(ACTION ITEM)
Only the text of the entries below should be returned, exactly as given, without pictures.

Records from a collection:
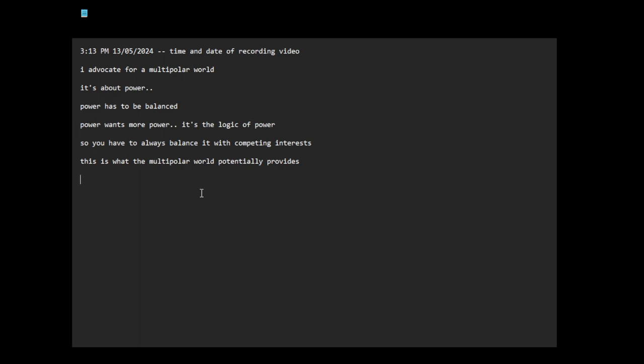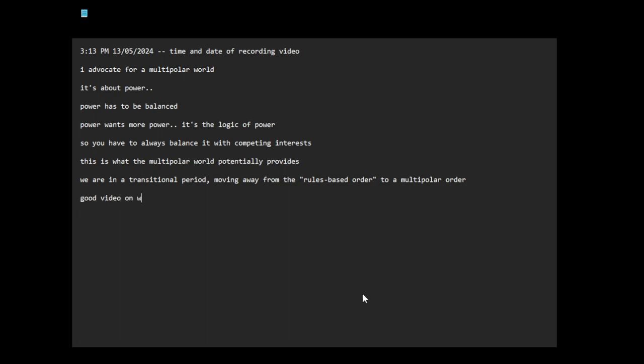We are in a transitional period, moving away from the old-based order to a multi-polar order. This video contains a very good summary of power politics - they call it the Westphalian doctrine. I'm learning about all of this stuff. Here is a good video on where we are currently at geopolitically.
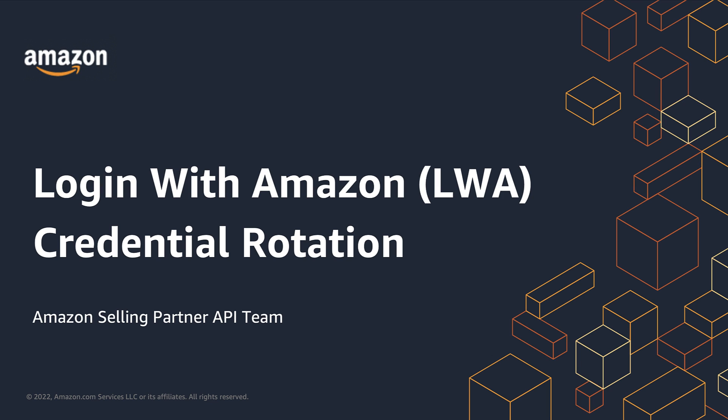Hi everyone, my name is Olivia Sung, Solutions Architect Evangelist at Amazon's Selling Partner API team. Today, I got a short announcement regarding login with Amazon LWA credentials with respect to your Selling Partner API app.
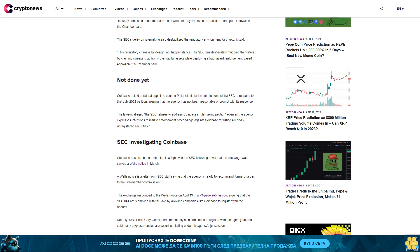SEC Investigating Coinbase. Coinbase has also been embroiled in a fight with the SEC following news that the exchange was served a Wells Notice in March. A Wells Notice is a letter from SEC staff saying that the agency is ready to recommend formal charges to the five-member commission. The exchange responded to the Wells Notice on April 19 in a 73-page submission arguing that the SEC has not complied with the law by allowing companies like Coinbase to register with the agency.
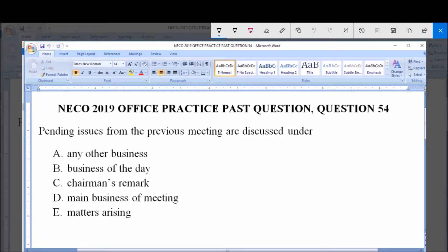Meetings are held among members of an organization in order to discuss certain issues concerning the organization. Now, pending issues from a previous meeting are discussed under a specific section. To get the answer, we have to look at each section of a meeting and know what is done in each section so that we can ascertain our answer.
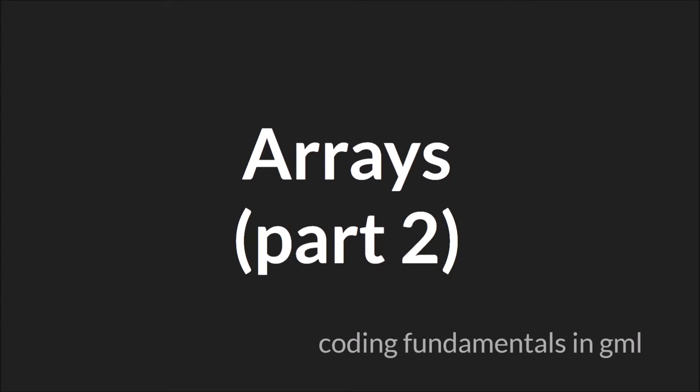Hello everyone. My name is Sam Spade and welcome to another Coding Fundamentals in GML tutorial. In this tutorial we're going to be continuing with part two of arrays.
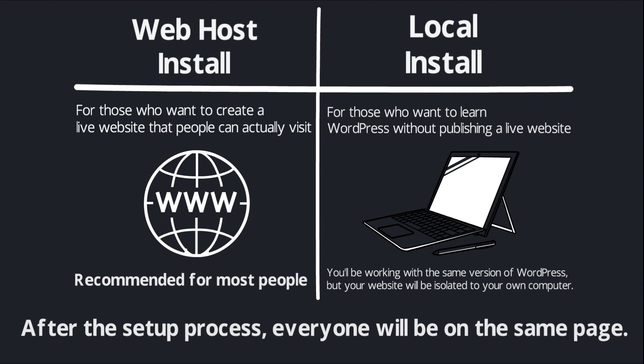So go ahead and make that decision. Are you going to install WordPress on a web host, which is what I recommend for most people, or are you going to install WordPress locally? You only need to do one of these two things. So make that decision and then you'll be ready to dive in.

(TASK ANSWER)
We are in a transitional period, moving away from the old-based order to a multi-polar order. This video contains a very good summary of power politics - they call it the Westphalian doctrine. I'm learning about all of this stuff. Here is a good video on where we are currently at geopolitically.
Hi everyone, my name is Olivia Sung, Solutions Architect Evangelist at Amazon's Selling Partner API team. Today, I got a short announcement regarding login with Amazon LWA credentials with respect to your Selling Partner API app.
SEC Investigating Coinbase. Coinbase has also been embroiled in a fight with the SEC following news that the exchange was served a Wells Notice in March. A Wells Notice is a letter from SEC staff saying that the agency is ready to recommend formal charges to the five-member commission. The exchange responded to the Wells Notice on April 19 in a 73-page submission arguing that the SEC has not complied with the law by allowing companies like Coinbase to register with the agency.
Meetings are held among members of an organization in order to discuss certain issues concerning the organization. Now, pending issues from a previous meeting are discussed under a specific section. To get the answer, we have to look at each section of a meeting and know what is done in each section so that we can ascertain our answer.
Hello everyone. My name is Sam Spade and welcome to another Coding Fundamentals in GML tutorial. In this tutorial we're going to be continuing with part two of arrays.
So go ahead and make that decision. Are you going to install WordPress on a web host, which is what I recommend for most people, or are you going to install WordPress locally? You only need to do one of these two things. So make that decision and then you'll be ready to dive in.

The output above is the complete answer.